The next method and perhaps the most deadly method is Center-Pinning. My better half appropriately dubbed it a bike with no brakes. Like the float rod the Center-Pin rod is very long. Center-Pins range from 11-15’ in length with a reel that resembles a fly reel but with no drag. The drag is done all by hand, “mono e mono”. I spool my center-pin reels with straight 12lb Suffix high visible orange line. The Suffix line is Hydrophobic, meaning it floats and is highly resistant to twist. It’s by far the best line I have found for the center-pin. I rig it with a fixed float on the Kenai. With the extra length of the rod and the style of casting there is no need for a slider. I prefer a 5.5 gram Raven float. Below the float I tie a micro swivel and about 8 ft of 10 lb Seaguar Fluorocarbon for my shot line. I space out small shot along the length of this section of line to get my whole line sinking evenly and naturally along its length. Then another micro swivel with my 20 inches of 8 lb Seaguar tippet attached and my favorite fly or bead at the end. Fishing the Center-Pin is the same process as the float rod. Cast up stream and let the line roll off the free spooling reel until the float goes down. A drag free, natural drift Center-pining is unmatched and really translates into more fish.
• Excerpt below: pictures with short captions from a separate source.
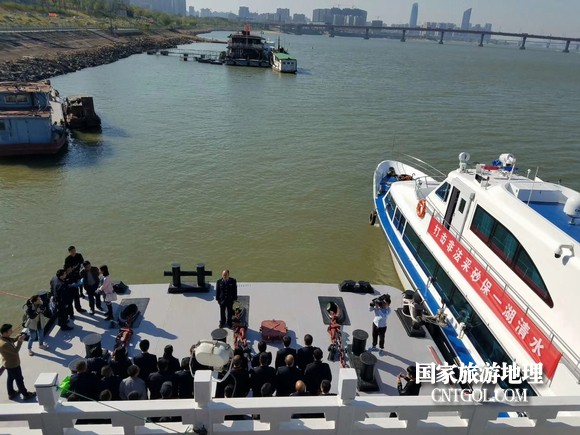 江西開展呵護(hù)一湖清水，嚴(yán)厲打擊非法采砂行動（圖）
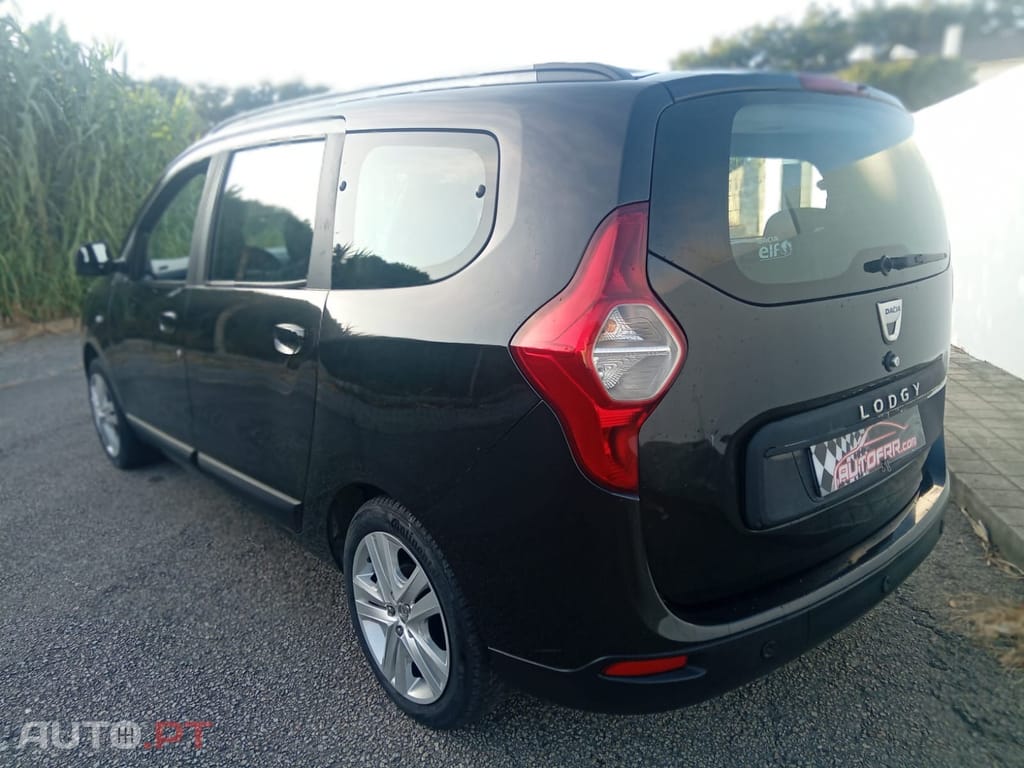 Dacia Lodgy 1.5 Blue dCi SL Go 7L
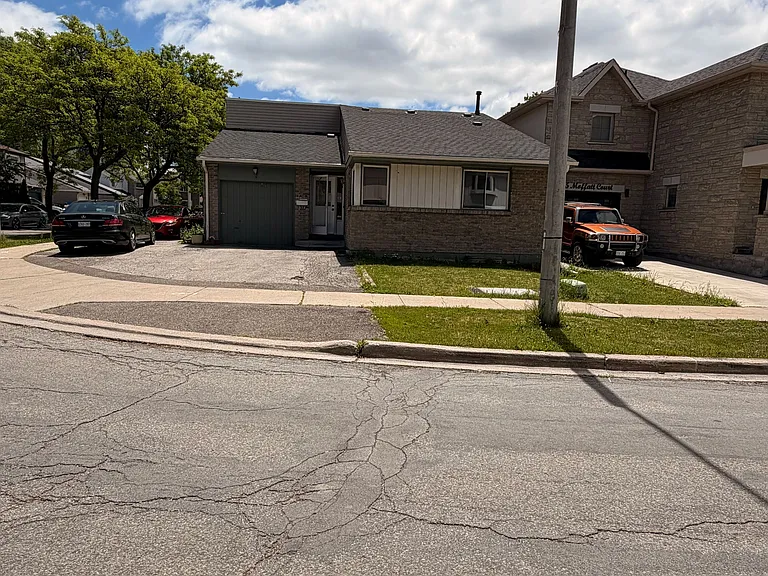 7 Moffatt Ct — Photo 2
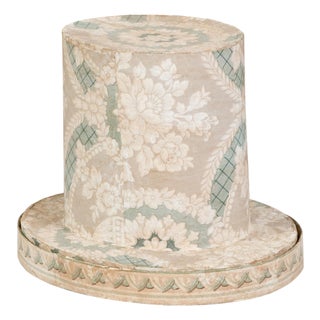 English 19th Century Victorian Period Paper Hat Box with Floral Décor For Sale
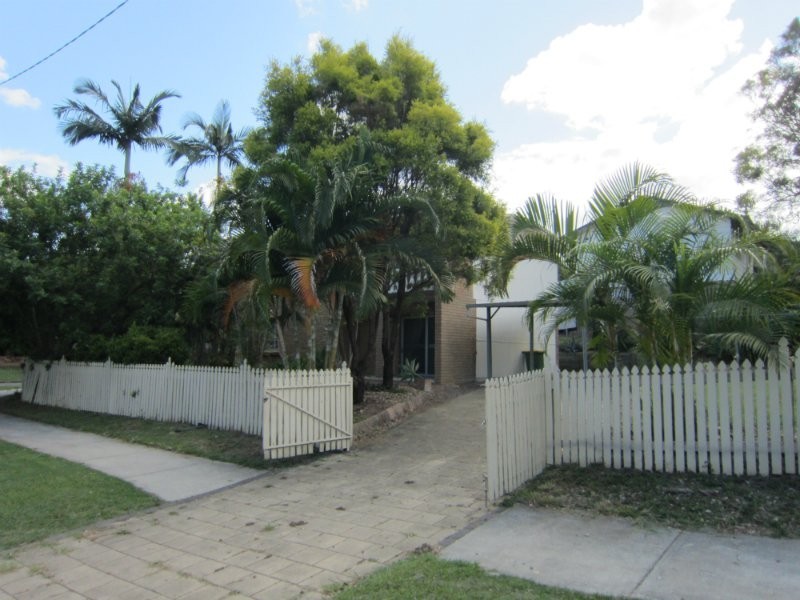 10 McKenzie Street, Bundamba QLD 4304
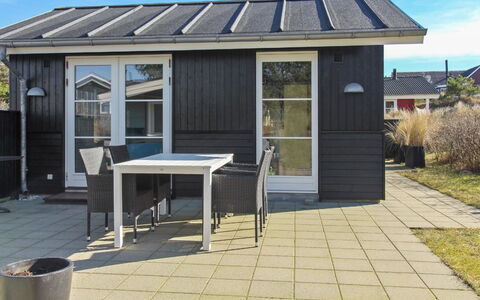 Soleil - 300M from the Sea: Herbe, Maison, Toit, Domicile, Chalet, Arbuste, Lot Terre, Zone Rurale, Ferme, Couverture De Sol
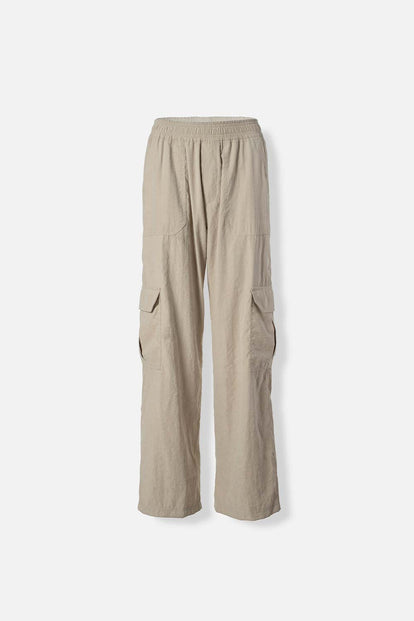 PANTALÓN DE MOVIES TIPO CARGO COLOR ARENA PARA MUJER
I won’t spend much time on the last two methods employed on the Kenai except to say this. If you are completely lacking skill and devoid of any honor you may pull plugs or drag shrimp for these fish and be successful as well. I recommend avoiding treble hooks and shrimp due to their high mortility rates. These fish are truly special trophies, something I hold dear to my heart and there is no quicker way to scar them or kill them than hooking them on a plug with bait and treble hooks.
Trout season on the Kenai officially opened on June 11th. It didn’t disappoint with some magnum rainbows hungry from their recent spawn making unusual mistakes. So it’s back to the grind now, guiding tourists chasing the mighty Kenai King Salmon for another month and a half until the trout season really ramps up in August. The fall is when these fish really grow to enormous proportions feeding on salmon spawn and rotting carcasses all summer. So while I dearly love salmon fishing stripes & spots are always in the back of my mind. I know these magnificent Rainbows, the Kenai’s secret treasure are waiting and they will be ready for battle when king season closes at 12:01 a.m. August 1st. Until then I will be dreaming of a 35 incher to do back flips for me this fall.